Foreign Secretary Dominic Raab is in Washington, where he is expected to try to reassure US politicians about the latest Brexit developments.
Some US politicians are concerned about the UK government’s plan to override parts of the Brexit divorce deal.
Mr Raab will meet US Speaker Nancy Pelosi, who last week said there would be no UK-US trade deal if the Good Friday Agreement was undermined.
No 10 has said the 1998 peace accord will be upheld in all circumstances.
Mr Raab is due to meet leading politicians including his US counterpart, Mike Pompeo, as well as Democratic Congresswoman Ms Pelosi, who is speaker of the House of Representatives.
Threats over UK-US trade deal
Brexit is expected to be high on the agenda at the Washington meetings, after the Internal Markets Bill cleared its first parliamentary hurdle earlier this week.
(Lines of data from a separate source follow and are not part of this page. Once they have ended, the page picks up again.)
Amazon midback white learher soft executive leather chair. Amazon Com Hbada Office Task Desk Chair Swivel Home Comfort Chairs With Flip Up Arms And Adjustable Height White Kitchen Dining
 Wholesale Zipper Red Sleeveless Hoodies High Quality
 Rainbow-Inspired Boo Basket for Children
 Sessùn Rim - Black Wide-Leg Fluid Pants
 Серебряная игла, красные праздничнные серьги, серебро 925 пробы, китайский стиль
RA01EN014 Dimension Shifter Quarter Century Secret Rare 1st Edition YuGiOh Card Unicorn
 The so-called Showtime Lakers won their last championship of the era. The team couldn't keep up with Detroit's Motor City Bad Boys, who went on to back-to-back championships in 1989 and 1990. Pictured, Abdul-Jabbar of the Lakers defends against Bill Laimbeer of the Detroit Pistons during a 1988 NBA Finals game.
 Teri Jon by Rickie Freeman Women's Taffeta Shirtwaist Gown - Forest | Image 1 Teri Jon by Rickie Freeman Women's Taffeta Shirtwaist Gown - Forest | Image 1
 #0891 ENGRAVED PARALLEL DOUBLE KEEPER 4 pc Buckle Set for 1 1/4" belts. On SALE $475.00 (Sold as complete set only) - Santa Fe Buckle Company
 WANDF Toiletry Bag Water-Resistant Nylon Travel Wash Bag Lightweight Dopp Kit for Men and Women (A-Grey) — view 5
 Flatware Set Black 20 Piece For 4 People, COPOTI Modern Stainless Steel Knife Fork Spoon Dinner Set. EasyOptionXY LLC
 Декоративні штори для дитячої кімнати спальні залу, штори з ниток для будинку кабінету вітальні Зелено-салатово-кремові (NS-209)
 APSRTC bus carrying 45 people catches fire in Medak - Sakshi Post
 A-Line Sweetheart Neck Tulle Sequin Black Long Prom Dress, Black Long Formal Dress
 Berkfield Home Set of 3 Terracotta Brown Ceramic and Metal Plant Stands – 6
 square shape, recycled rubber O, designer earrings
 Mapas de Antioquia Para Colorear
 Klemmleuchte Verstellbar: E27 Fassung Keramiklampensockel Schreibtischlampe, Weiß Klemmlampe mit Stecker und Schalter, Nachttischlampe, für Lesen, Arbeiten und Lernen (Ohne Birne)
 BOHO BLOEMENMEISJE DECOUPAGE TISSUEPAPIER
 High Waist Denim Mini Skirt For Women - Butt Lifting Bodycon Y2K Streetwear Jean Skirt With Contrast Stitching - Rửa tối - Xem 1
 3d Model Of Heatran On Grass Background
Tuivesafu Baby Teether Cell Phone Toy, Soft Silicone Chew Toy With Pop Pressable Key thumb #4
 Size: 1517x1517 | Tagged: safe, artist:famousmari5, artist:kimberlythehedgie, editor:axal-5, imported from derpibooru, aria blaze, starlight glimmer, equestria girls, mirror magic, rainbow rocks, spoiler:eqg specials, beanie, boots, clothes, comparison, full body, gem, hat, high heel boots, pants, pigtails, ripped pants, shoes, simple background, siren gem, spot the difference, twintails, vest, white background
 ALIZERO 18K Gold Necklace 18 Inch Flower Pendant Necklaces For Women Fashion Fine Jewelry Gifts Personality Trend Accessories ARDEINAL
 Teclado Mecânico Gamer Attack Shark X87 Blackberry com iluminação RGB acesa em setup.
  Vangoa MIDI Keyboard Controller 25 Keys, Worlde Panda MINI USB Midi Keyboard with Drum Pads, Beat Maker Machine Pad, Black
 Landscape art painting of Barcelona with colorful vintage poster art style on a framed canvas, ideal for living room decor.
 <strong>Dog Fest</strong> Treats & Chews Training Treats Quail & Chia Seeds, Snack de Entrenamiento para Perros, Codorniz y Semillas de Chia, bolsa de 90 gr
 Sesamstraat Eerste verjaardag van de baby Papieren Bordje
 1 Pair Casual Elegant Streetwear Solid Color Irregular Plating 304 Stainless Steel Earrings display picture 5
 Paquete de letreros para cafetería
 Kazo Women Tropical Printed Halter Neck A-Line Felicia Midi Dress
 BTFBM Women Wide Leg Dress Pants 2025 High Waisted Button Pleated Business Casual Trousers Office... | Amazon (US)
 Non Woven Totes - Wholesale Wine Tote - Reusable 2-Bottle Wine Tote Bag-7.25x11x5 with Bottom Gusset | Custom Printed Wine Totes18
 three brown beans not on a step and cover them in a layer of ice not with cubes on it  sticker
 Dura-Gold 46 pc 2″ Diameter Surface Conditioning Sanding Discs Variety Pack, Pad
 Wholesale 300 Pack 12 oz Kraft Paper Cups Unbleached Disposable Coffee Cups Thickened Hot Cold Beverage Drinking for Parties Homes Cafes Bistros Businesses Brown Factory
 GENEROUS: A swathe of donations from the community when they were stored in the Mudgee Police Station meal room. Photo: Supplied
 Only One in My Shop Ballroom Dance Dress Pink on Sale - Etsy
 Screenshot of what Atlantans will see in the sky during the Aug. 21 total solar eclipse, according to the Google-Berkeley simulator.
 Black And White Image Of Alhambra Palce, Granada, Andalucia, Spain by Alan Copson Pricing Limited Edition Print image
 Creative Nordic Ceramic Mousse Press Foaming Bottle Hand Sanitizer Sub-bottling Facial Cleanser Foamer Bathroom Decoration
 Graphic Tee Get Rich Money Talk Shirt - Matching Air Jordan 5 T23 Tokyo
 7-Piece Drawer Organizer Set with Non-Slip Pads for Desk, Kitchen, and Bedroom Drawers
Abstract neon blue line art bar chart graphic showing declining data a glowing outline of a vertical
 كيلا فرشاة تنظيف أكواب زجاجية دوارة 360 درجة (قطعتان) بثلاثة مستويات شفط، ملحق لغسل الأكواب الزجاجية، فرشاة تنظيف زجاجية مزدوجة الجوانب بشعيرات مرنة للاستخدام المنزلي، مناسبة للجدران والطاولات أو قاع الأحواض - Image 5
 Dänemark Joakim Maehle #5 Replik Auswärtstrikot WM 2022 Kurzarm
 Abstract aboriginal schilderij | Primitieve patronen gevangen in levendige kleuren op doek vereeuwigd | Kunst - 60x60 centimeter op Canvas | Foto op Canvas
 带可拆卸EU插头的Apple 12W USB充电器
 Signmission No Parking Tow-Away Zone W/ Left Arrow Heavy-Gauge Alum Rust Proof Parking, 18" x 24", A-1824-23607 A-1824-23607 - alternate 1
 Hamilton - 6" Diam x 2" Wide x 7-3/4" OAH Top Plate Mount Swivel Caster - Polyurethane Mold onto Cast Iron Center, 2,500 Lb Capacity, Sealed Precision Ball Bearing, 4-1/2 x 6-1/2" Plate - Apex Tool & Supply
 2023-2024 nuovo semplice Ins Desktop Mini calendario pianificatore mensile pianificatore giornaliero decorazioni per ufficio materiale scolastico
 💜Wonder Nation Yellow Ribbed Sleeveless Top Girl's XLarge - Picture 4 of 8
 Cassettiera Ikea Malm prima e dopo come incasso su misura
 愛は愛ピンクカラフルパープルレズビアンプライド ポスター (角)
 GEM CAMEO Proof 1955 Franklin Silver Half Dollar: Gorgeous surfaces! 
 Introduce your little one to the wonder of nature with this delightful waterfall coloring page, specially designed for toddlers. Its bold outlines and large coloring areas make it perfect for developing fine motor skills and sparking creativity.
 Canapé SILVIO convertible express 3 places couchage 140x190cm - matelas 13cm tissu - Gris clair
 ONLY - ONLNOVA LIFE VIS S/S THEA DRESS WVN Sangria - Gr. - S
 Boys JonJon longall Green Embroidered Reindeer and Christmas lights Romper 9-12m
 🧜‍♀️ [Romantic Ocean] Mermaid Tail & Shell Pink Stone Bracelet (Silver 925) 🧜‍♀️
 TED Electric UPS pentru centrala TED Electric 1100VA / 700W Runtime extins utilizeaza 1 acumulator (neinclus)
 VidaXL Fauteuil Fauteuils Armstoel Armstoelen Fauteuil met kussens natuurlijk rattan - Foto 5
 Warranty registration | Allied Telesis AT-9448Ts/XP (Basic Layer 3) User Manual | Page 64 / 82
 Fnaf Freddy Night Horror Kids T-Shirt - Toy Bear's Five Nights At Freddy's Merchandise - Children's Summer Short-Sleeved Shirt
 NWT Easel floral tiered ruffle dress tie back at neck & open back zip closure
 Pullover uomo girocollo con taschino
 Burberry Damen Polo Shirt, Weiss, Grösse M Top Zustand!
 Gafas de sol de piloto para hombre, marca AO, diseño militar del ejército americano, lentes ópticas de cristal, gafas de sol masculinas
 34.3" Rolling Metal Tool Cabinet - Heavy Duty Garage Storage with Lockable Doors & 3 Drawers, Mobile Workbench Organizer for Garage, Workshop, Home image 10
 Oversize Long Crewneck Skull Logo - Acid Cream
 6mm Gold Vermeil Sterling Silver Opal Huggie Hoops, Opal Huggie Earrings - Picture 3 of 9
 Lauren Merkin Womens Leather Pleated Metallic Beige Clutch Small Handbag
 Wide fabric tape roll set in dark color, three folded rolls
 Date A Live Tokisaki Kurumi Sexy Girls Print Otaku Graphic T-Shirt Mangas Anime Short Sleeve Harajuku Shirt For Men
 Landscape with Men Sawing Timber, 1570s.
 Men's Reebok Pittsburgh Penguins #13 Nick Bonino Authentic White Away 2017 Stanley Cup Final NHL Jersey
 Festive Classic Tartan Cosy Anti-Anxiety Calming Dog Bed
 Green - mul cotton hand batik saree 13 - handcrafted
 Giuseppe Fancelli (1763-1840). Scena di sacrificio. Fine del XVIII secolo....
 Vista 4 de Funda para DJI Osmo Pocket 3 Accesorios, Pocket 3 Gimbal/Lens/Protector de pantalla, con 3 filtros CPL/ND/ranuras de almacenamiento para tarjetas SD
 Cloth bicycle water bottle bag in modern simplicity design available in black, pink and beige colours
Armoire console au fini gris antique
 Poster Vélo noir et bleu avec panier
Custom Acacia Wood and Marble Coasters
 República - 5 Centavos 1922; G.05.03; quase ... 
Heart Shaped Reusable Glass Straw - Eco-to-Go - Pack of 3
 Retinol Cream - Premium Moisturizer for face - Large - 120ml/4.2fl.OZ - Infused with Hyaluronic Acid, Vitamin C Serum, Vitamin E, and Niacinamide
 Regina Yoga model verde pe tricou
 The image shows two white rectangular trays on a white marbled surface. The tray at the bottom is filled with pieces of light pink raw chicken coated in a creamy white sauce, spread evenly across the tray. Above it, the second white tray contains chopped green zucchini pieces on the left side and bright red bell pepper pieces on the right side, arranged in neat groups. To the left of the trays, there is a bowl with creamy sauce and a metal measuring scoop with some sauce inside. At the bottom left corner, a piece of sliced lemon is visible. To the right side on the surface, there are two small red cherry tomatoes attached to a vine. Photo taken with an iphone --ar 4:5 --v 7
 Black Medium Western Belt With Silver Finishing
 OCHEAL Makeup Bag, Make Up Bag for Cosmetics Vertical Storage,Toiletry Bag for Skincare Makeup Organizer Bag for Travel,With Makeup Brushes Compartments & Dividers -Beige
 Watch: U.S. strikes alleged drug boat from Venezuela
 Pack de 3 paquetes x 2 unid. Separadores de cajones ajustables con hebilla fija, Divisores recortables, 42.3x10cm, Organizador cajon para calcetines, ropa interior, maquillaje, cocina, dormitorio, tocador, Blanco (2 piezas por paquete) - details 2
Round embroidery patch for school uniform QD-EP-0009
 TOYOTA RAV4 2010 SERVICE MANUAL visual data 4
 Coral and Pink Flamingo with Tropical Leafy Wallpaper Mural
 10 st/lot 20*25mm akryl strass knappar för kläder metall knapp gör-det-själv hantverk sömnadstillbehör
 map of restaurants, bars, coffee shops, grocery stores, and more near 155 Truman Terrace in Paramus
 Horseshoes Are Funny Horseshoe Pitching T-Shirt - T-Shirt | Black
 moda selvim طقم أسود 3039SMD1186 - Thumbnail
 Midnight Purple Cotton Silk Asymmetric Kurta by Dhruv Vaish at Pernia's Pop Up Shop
The proposed law would give the UK government the power to override part of the Brexit withdrawal deal – which Prime Minister Boris Johnson agreed with the EU last October.
It now faces further scrutiny in the House of Commons, and also needs to be passed by the House of Lords.
If the law comes into force, it would breach international law – a prospect that prompted an angry response from senior figures in the US last week.
- What just happened with Brexit?
Ms Pelosi said if the UK broke international law and Brexit undermined the Good Friday Agreement – the Northern Ireland peace deal – there would be “absolutely no chance of a US-UK trade agreement passing the Congress”.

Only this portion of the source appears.